• Supplied material:
-----
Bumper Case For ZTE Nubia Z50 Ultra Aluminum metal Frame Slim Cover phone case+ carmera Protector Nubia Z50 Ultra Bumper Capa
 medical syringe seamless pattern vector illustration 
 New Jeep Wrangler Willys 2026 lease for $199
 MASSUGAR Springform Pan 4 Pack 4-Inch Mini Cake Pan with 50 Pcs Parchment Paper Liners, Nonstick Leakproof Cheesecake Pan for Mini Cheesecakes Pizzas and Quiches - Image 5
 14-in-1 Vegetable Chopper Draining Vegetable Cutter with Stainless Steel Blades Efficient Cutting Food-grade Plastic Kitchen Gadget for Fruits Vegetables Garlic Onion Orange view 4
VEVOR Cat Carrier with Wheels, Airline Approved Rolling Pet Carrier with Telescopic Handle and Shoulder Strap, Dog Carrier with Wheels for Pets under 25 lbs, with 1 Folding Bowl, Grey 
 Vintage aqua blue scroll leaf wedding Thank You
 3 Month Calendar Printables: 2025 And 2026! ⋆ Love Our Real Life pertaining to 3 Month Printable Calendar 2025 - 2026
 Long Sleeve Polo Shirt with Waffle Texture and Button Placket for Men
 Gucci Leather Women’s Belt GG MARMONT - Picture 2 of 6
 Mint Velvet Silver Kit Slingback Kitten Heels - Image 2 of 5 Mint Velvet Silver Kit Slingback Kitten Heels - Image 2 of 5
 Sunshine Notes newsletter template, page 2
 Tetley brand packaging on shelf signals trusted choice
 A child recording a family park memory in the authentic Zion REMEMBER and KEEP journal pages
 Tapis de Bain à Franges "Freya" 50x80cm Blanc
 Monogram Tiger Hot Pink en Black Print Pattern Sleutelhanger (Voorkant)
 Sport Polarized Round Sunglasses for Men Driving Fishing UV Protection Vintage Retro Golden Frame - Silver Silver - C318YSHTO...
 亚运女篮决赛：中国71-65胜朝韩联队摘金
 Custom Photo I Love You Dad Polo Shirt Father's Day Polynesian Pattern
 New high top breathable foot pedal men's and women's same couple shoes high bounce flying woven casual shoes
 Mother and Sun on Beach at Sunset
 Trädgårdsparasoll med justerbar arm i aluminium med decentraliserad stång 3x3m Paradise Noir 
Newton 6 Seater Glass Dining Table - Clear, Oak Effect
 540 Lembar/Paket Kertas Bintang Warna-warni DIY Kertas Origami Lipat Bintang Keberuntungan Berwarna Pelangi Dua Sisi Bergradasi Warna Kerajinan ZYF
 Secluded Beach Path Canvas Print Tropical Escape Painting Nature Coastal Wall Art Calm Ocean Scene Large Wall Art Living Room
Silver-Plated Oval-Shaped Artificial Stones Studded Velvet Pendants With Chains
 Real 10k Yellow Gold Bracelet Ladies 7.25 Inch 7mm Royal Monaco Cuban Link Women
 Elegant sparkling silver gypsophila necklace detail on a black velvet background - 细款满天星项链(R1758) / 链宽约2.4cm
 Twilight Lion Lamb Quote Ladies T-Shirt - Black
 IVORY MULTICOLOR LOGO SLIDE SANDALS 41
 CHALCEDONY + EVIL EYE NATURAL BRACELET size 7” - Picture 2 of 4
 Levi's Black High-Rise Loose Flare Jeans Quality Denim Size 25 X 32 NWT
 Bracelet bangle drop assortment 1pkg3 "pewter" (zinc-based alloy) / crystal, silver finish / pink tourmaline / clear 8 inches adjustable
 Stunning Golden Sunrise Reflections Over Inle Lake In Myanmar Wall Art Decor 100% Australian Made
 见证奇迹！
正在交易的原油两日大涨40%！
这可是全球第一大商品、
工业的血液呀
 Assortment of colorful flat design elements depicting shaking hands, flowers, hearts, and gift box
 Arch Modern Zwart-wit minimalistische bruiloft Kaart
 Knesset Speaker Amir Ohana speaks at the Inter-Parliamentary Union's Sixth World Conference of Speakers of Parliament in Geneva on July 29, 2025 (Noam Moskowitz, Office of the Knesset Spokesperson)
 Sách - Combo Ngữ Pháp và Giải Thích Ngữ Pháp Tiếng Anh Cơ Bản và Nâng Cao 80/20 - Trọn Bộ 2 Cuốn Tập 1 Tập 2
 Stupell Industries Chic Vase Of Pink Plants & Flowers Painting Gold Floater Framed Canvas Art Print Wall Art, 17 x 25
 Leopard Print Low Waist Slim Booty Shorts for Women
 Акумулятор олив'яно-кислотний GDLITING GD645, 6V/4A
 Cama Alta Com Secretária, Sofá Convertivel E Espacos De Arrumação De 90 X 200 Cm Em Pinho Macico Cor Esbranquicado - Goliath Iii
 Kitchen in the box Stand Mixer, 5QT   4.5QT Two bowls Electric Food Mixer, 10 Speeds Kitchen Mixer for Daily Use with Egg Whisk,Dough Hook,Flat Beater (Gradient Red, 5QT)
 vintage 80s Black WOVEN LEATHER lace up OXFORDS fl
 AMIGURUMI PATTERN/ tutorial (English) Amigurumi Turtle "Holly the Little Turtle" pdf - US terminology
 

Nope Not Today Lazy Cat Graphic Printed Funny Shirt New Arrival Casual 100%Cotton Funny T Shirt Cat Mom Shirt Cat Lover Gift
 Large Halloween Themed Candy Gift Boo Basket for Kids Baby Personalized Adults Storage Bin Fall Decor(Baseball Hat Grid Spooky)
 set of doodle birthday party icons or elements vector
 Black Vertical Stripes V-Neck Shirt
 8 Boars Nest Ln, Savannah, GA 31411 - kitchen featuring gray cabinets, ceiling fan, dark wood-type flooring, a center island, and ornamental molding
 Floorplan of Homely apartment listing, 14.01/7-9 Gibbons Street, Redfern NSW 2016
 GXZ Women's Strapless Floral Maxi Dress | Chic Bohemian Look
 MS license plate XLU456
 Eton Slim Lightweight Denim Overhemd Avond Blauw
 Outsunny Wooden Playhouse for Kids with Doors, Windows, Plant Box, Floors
-----
• Your objective: Each line above that contains the string "Polo" should be copied.

• Answer to the problem:
 Long Sleeve Polo Shirt with Waffle Texture and Button Placket for Men
 Custom Photo I Love You Dad Polo Shirt Father's Day Polynesian Pattern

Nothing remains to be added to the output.